В Киеве из Варшавы прислали номинальным воеводой и переговорщиком Адама Кисела и это посмешище Польской Короны, с удовольствием используемое Хмельницким для дезинформации сената, тут же начало лицемерно и лживо уверять Чигирин в неразрывной дружбе и вечном мире, забывая, естественно, сказать, что Речь Посполитая вовсю готовится к казачьему разгрому.
Пользуясь Зборовским затишьем, богатые шляхтичи с собственными жолнерами-наемниками от Вислы начали возвращаться на Волынь и Подолье, по гоноровой привычке сажая на кол тех, кто им не нравился, и до кого можно было дотянуться. По всей Украине тут же загремело: «Люди! Вот награда за ваше терпение! Вот образцы панской милости – наши братья на кольях! Мы опять вложили головы в то же ярмо, которое только что скинули со своей шеи. Панам наплевать на христианские заповеди. Они никогда не смотрят на то, что праведно, лишь бы была им корысть. Товарищи! Сделаемся божьими слугами на праведное мщение за муки наших братьев, еще дышащих на кольях!

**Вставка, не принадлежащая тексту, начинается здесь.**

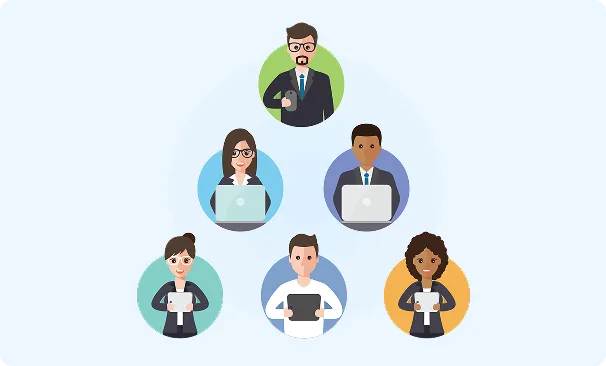 Illustration of a team collaborating on laptops and tablets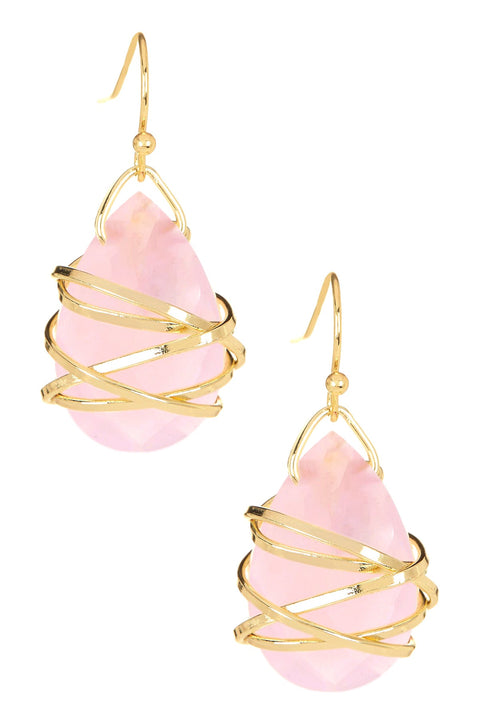 Rose Crystal Wrapped Earrings In Gold - GF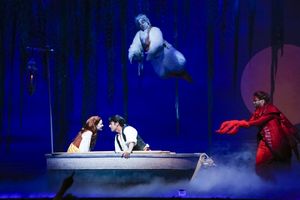 Alison Woods as Ariel, Eric Kunze as Prince Eric, Jamie Torcellini as Scuttle and Melvin Abston as Sebastian @ BroadwayWorld Alison Woods as Ariel, Eric Kunze as Prince Eric, Jamie Torcellini as Scuttle and Mel Photo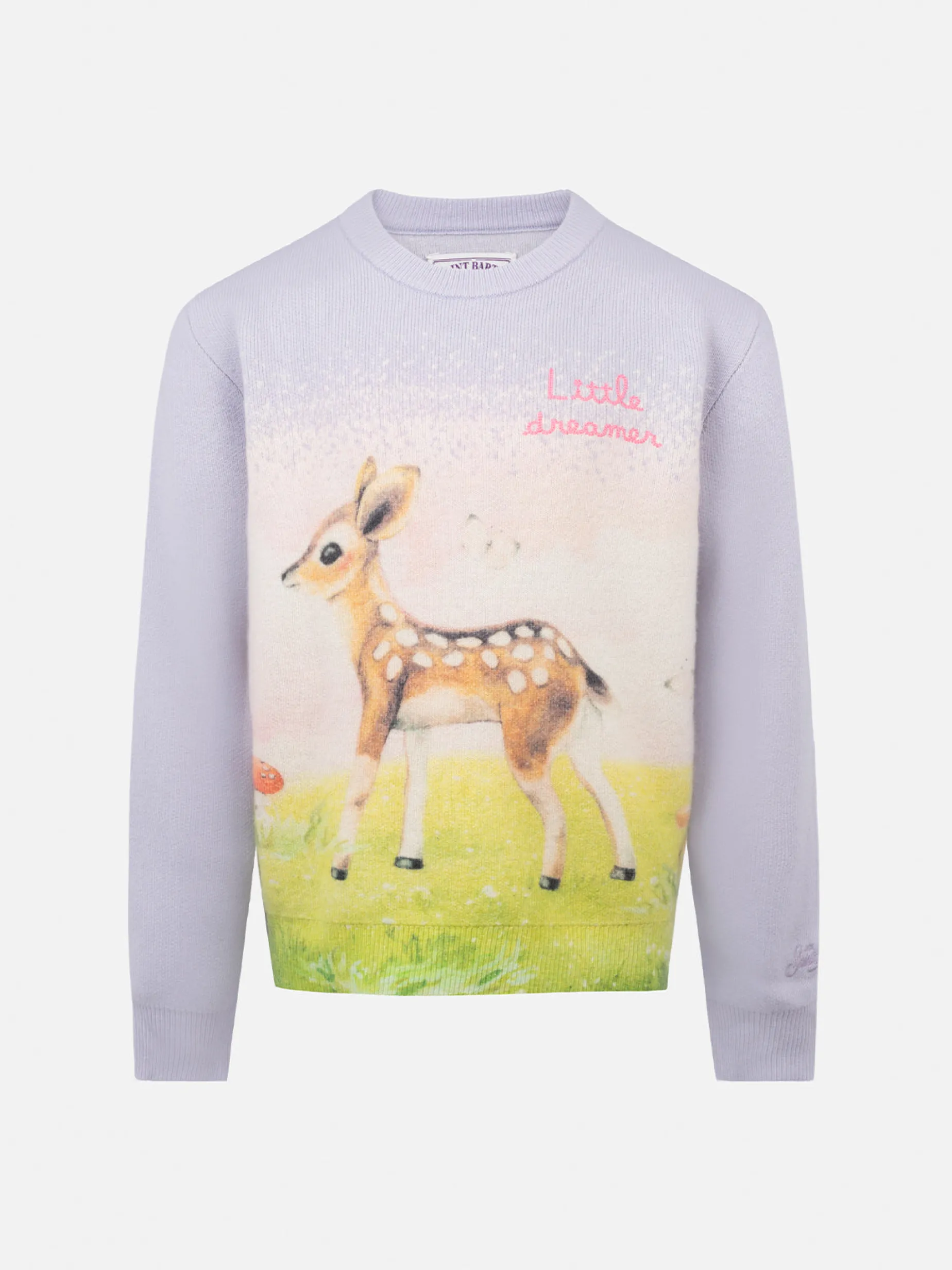 Maglione girocollo lilla da bambina Princess con stampa cerbiatto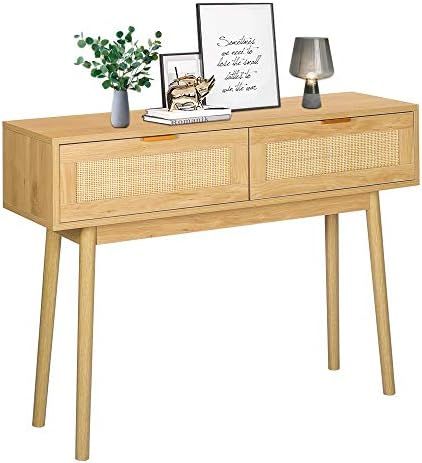 LAZZO 39" Console Table, Oak Grain Sofa Table with Wood Frame, Rustic Hallway Table with 2 Bamboo... | Amazon (US)
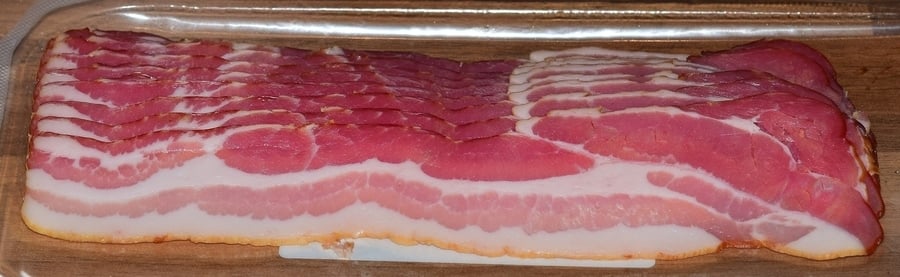 Dry cured cold smoked bacon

Оружия! Бить их всех, больших и малых панов – шляхтичей! Кара выродкам за их злодейства!
Не медливший ни минуты Хмельницкий тут же отправил на Брацлавщину и Волынь народного героя Данилу Нечая, в сопровождении десятков тысяч казаков и посполитых, обучавшихся казачеству в почти боевых условиях. Гетман заявил сенату: – Народ восстал против панов-садистов! Ведите себя достойно, шляхтичи, если можете. У вас от былой славы остались только надменность и пыхатость!
Посполитые перерезали вернувшихся панов вместе с их наемной охраной, а яростный, как и Rривонос, Данила Нечай враз стер карательный трехтысячный отряд известного князя Корецкого. Самые резвые понята успели убежать от смерти к Киселу в Киев, но киевляне тут же выперли их из древней украинской столицы в предградья.

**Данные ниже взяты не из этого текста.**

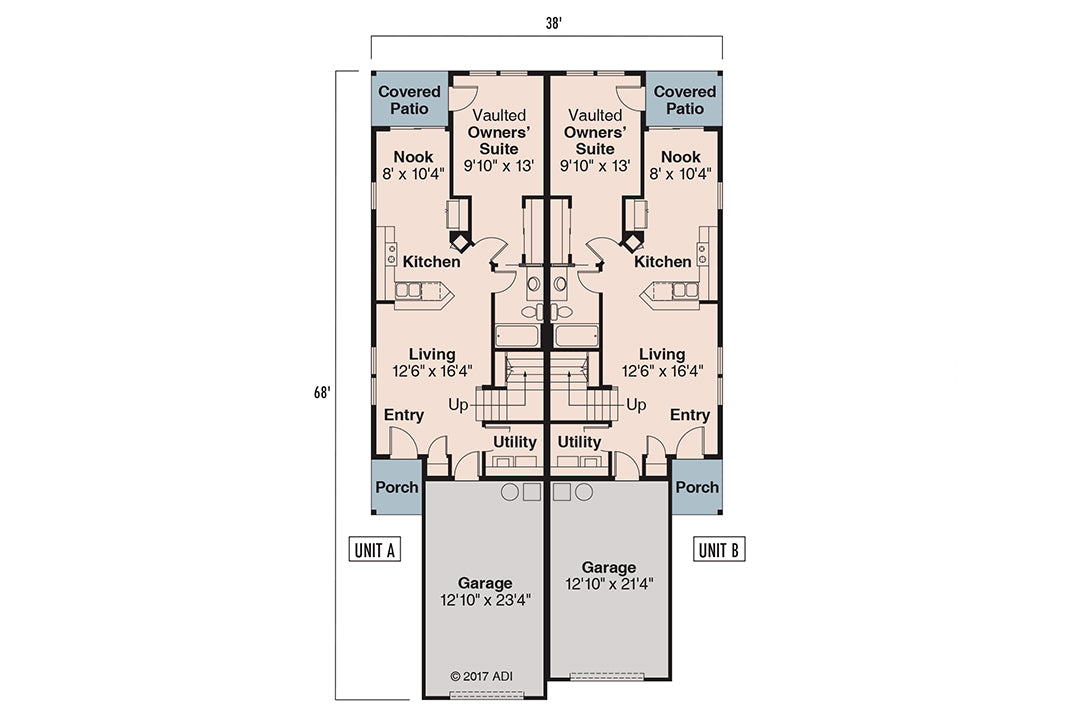 AM8108-A Craftsman Duplex House, 6 Bedrooms, 4 Bathrooms | Braydon House Plan Exterior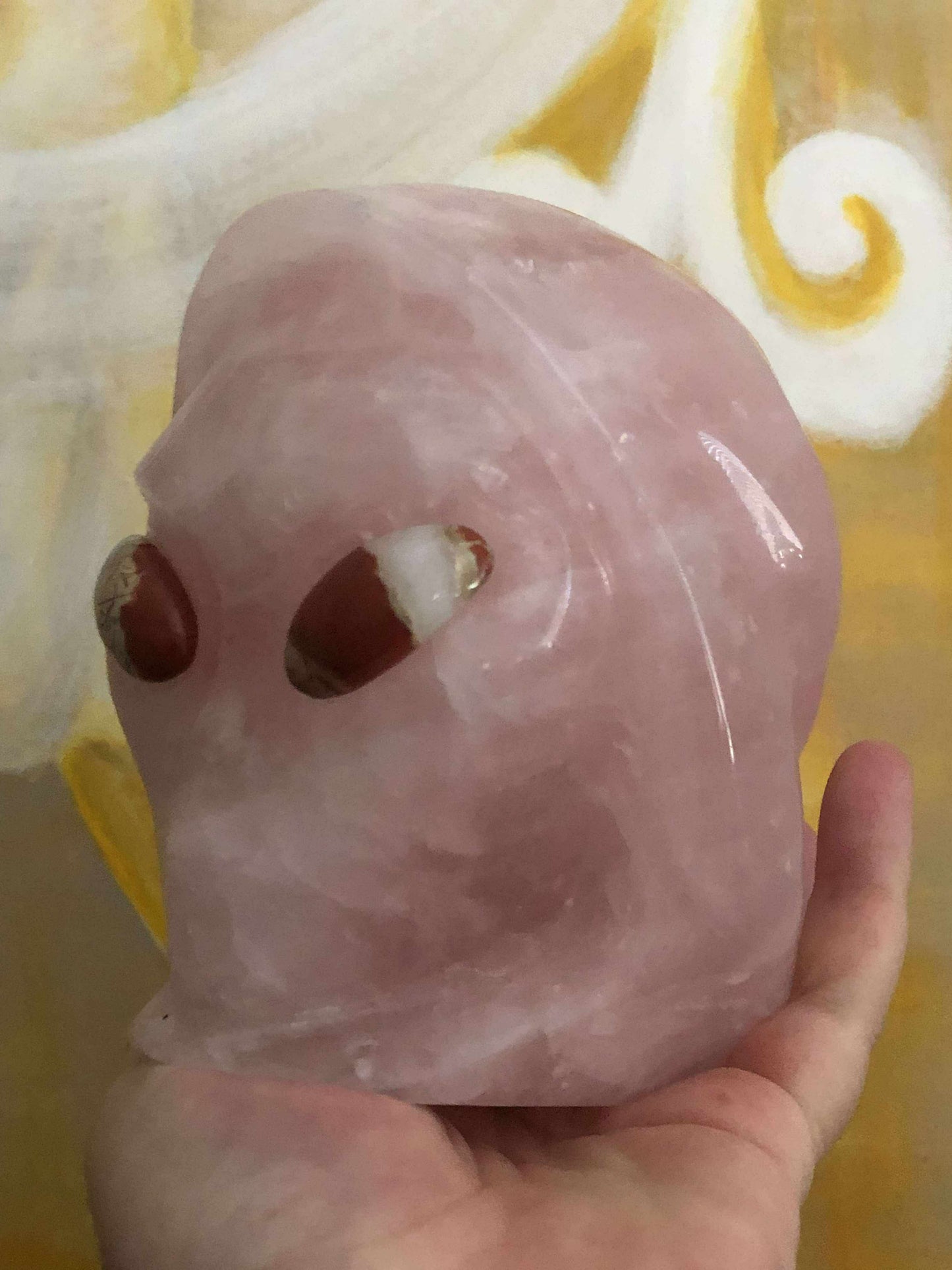 Crâne stellaire quartz rose et yeux jaspe rouge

Ян Казимир нога за ногу послал шляхте увещевание не возбуждать своими необузданными жестокостями новый яростный мятеж. Паны растопили этими предупреждениями печки и тут же стали невменяемо орать, что «этот же огонь будет и Хмелю, дайте только нам подняться!»
Богдан совсем не собирался дать панятам окрепнуть, прекрасно понимая, что нельзя всегда и везде заменять силу хитростью. Он заявил королю, что не может успокоить народ без юридического документа. Сейм напрягся сквозь зубы и 16 января 1650 года полуутвердил Зборовский трактат, копии которого гетманская канцелярия не медля разослала по всей Европе.

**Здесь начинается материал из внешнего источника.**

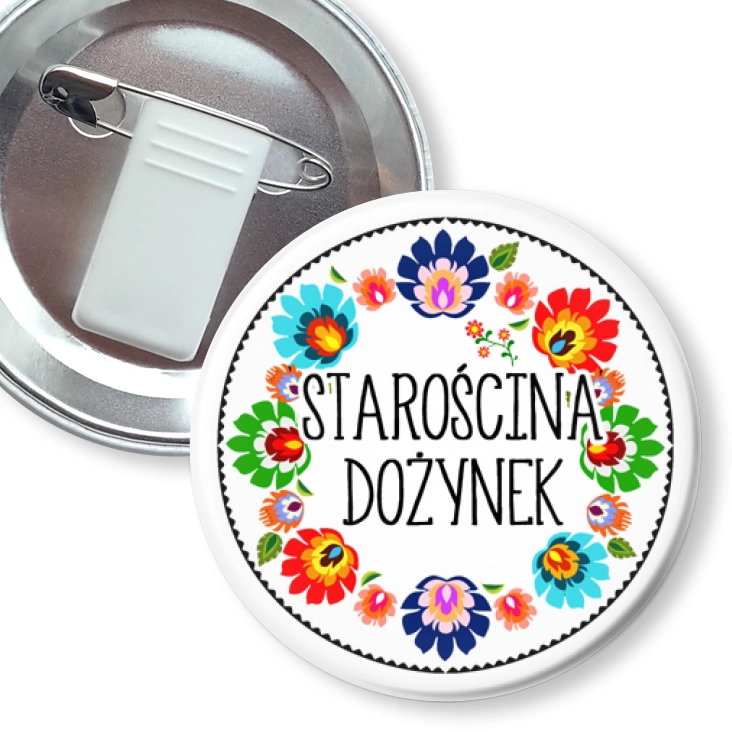 przypinka z żabką i agrafką Starościna Dożynek wzór łowicki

Богдан и Ян Казимир одновременно издали универсалы, в которых призывали, чтобы не вошедшие в сорокатысячный реестр посполитые – казаки опять подчинились своим панам, которые ненадолго притворились, что будут вести себя скромно. Хмельницкий понимал, что не бывать казаку хлопом, и передал в сенат присланные ему Нечаем, идеалом мужества, народные обращения: «Если тебе, Богдан, нравится оставаться в панской неволе, поступай, как хочешь. Мы же продолжим борьбу и выберем себе другого гетмана».
В сопроводительном письме Хмельницкий аккуратно заявил Варшаве: «Что можно сделать с возбужденными шляхетскими насилиями народом? Пока из маленького дерева вырастет большой дуб, надо ждать много лет». Легитимность и отсутствие интервенции – это необходимо Украине, но гетман совсем не собирался давать в обиду ни одного своего боевого хлопца: «Кто тронет селянина пальцем – того я трону саблей!»